Canopy
A bird's-eye view of every branch across every local git repo on your Mac. See what still needs your attention — at a glance.
30 repos. 200 branches. One window.
Whether you're juggling client projects, shipping a side hustle, or vibe-coding experiments with AI, your Mac fills up fast with half-finished work scattered across dozens of repos. Canopy gathers it all into one window so you never lose track of what you were working on, what got shipped, and what you can safely throw away.
Three steps to clarity
Setup takes under a minute.
Pick a folder
Point Canopy at the folder where your projects live — usually Documents/GitHub, ~/code, or wherever your repos accumulate.
See everything
Canopy finds every project automatically and lists every branch inside, color-coded by what each one needs.
Click any branch
See exactly what changed, jump back into the work, or send it to GitHub as a pull request with one click.
What you'll actually use
A tour of the bits people open the app for.
Every branch, color-coded
Glance at the dots to see which branches need attention, and spot open PRs without leaving the sidebar.
Sweep away the noise
One toggle hides every merged-and-done branch so only the in-flight stuff remains.
Loose ends, surfaced
Every TODO, FIXME, or HACK you added on a branch — listed by file, ready to clean up before the PR.
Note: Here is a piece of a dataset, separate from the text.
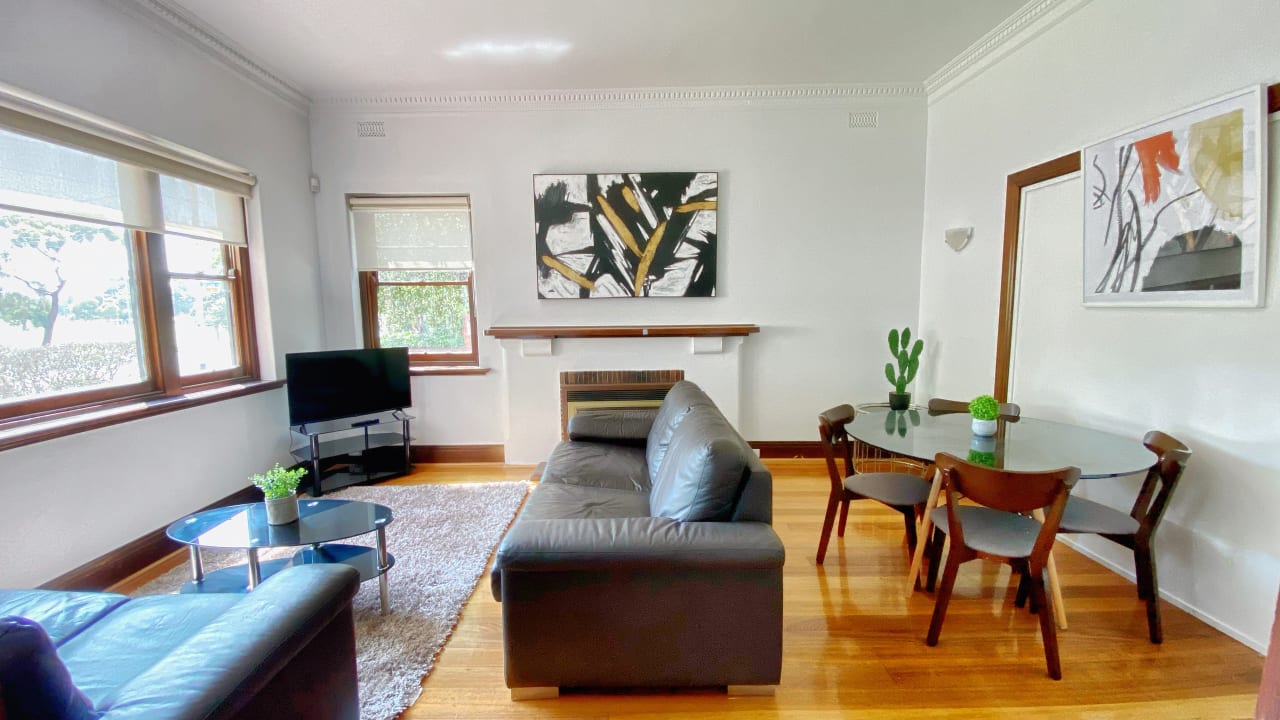 Whole property with 4 rooms for rent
Branch context, one column away
Pull request actions, recent commits, and the worktree path all live in a dedicated right column — no menu hunting.
Reading the colors
Every branch shows a few colored dots so you can scan dozens at once. Here's what each color means in plain English.
Amber · Unsaved changes
You changed files here but haven't packaged them up into a commit yet. Easy to lose if you switch branches.
Violet · Set aside
You parked some work without committing it (git calls this a "stash") — usually a half-baked idea you wanted to come back to.
Sky · Not on GitHub yet
You committed locally but haven't pushed to GitHub. The work lives only on this Mac — back it up before you reformat.
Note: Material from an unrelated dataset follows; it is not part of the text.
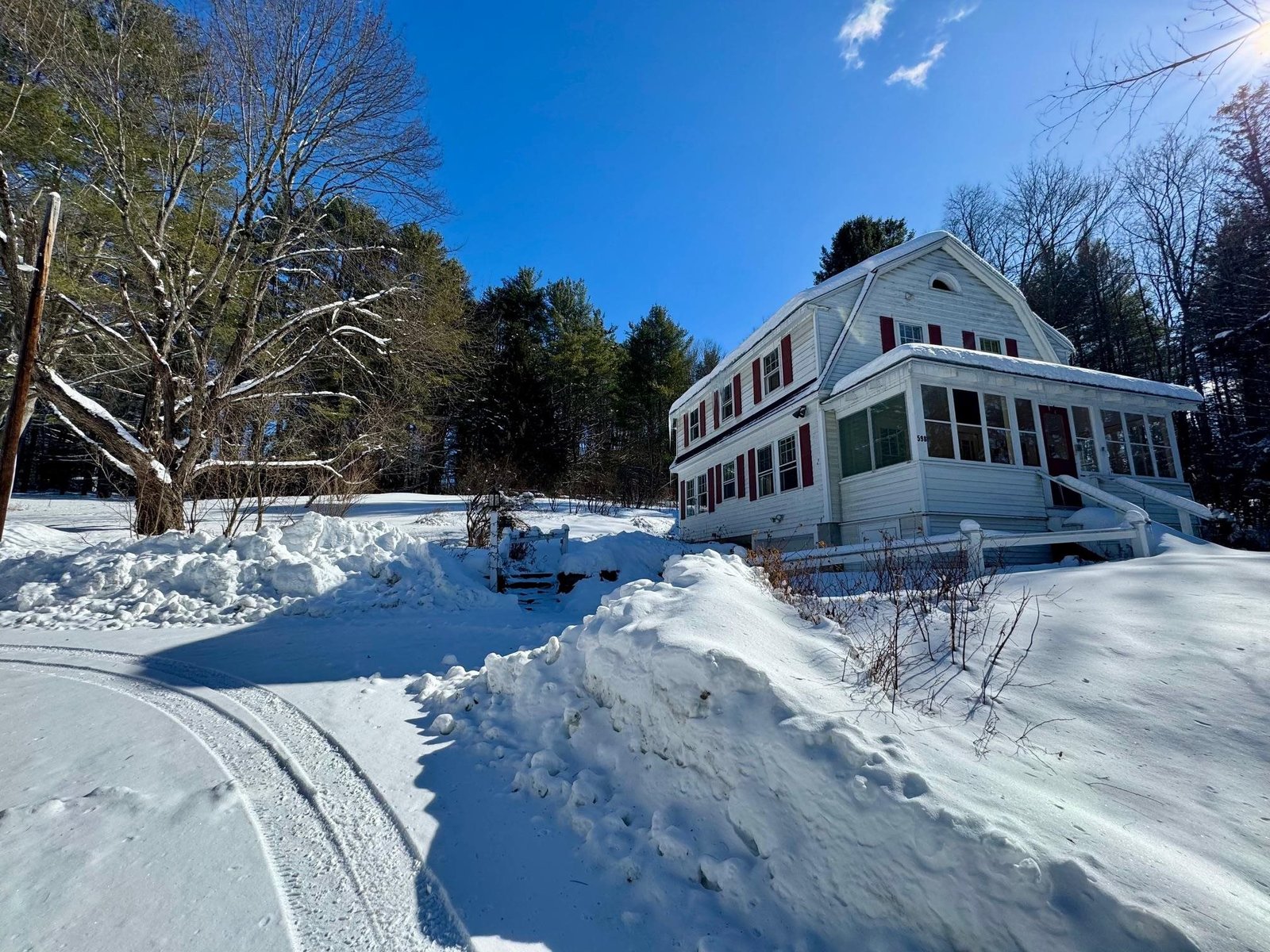 598 East Woodstock Road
Rose · Not in your main branch
This branch has work that isn't in your project's main branch yet. Could be ready to merge, could be an experiment you abandoned.
Made for anyone with too much code
If you've been writing software for a while — whether that's at a day job, freelance, or pair-programming with AI — you probably have:
- A handful of repos you barely remember spinning up
-
A dozen branches per repo with names like
feat/the-other-thing - One or two experiments you forgot to push — and almost lost when you swapped machines or wiped a worktree
- A low-grade worry that one of those branches has the version you actually want
Canopy puts every branch in one window so you can always answer: "where did I leave that?"